April 20, 2017 - Recent statistics suggest both a flattening and a substantial increase in leverage in the last quarter. While that does not seem possible, when one teases through the data, it appears that – like the famous cat – both states may exist simultaneously.  We drill down below.

The issue of whether leverage has been rising materially has been perplexing us for the past week. The confusion kicked off when, in its quarterly review, S&P/LCD calculated (off 26 deals) that 3.8% of first quarter LBO loans were levered over 7x, slightly down from the 4.1% (off 74 deals) tracked in 2016. This would indicate that leverage was flattish. But then ThomsonReuters LPC reported that the share of highly leveraged deals was increasing. In fact, TR-LPC reported that one-third of buyout loans were levered over 7x; they added that 40% and 53% of LBO loans hit this leverage bogey in 2014 and 2007, respectively.

We were puzzled by the discrepancy. But new research from CovenantReview this week may have solved the riddle.  The answer? It may be all about EBITDA adjustments.  CovenantReview statistics show that typical EBITDA adjustments in M&A deals were around 24% in 2016. In 1Q17, based off a sample of 28 M&A transactions, the average EBITDA adjustment was 31%. Narrowing it down to their 22 sponsored M&A deals, EBITDA adjustments were 34%.

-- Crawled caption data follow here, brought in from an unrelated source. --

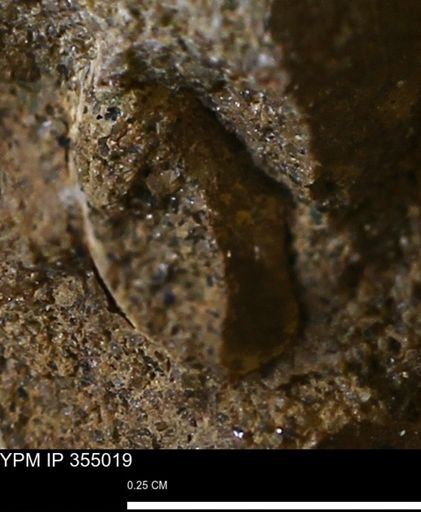 Bivalvia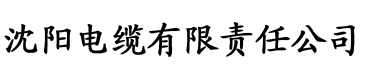 久久久久经典精品香蕉电缆厂logo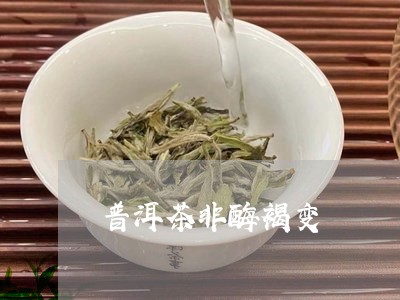 普洱茶非酶褐变/2023112631692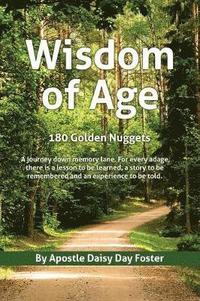 bokomslag Wisdom of Age 180 Golden Nuggets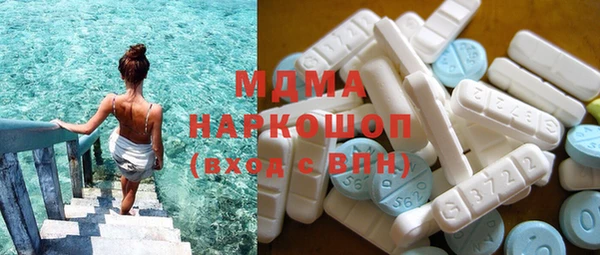 шишки Лабытнанги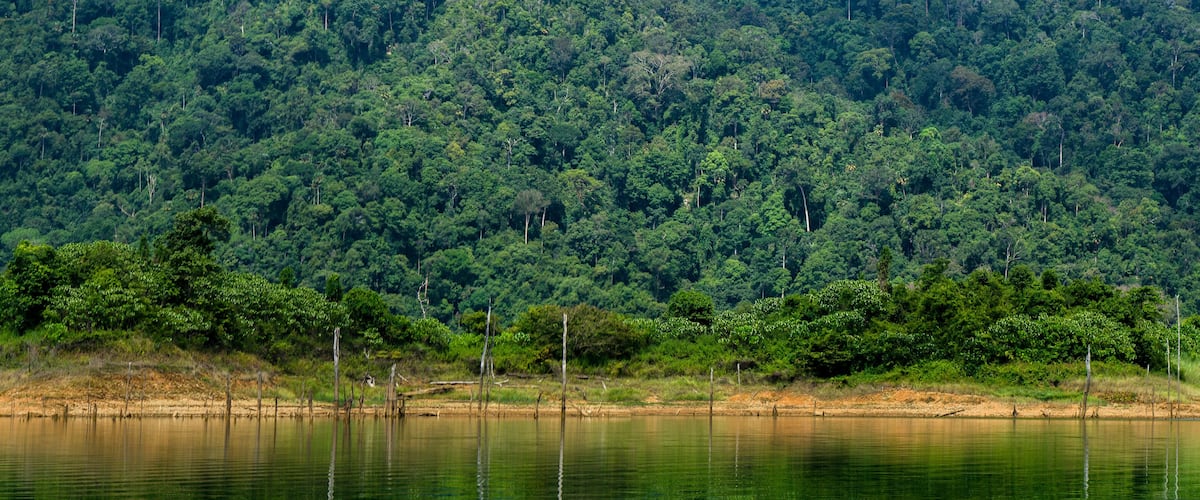 A forested hillside and a calm lake.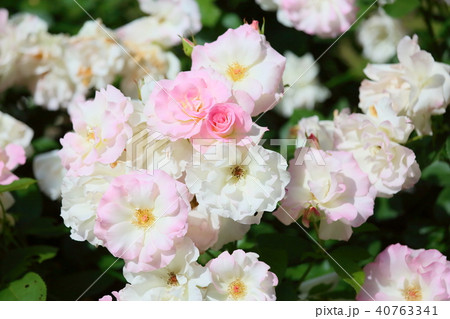 初夏のバラ マチルダの花の写真素材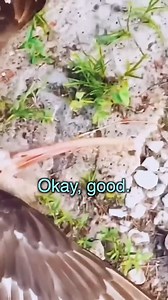 If Gardeners Were Asian 🤣 | Steven He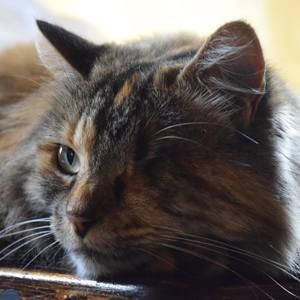 Meet your Posher, Evan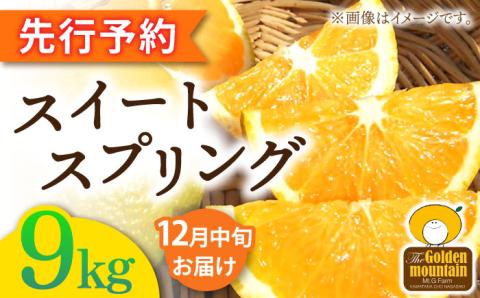 [先行予約]長崎県産スイートスプリング 9kg[Mt.Gファーム][OCX001] / 柑橘 みかん 八朔 はっさく 上田温州みかん スイートスプリング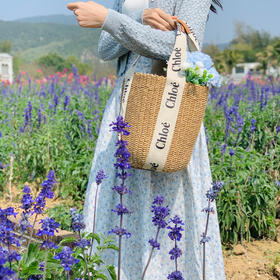 【百图lulu定制】【奥黛丽半裙】碎花 温柔 压褶 半身裙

The larger EBITDA adjustments mean that the gap between reported leverage and adjusted leverage would widen as well. The nearby chart shows the average total  leverage (based on adjusted EBITDA) on sponsored M&A loanschart_042017 remained basically flat at 5.37x in first quarter. However, total leverage based on reported EBITDA (excluding any adjustments) climbed a quarter turn to 7.38x. Thus, TR-LPC’s number (one-third of LBO loans leveraged over 7x) and S&P/LCD’s number (4% of LBO loans leveraged over 7x) could exist simultaneously.

But which are the “right” leverage numbers? Again, the answer may be an unsatisfying “both”. The reported leverage show the level on a look-back basis, which is of course very valuable. But buyers buy companies to improve them. They often have specific and tangible plans to improve EBITDA, such as closing a money-losing line or factory. EBITDA adjustments such as these are very legitimate, so they shouldn’t automatically be tossed out. At the end of the day, both sets of numbers provide insight. This cat’s state remains ambiguous.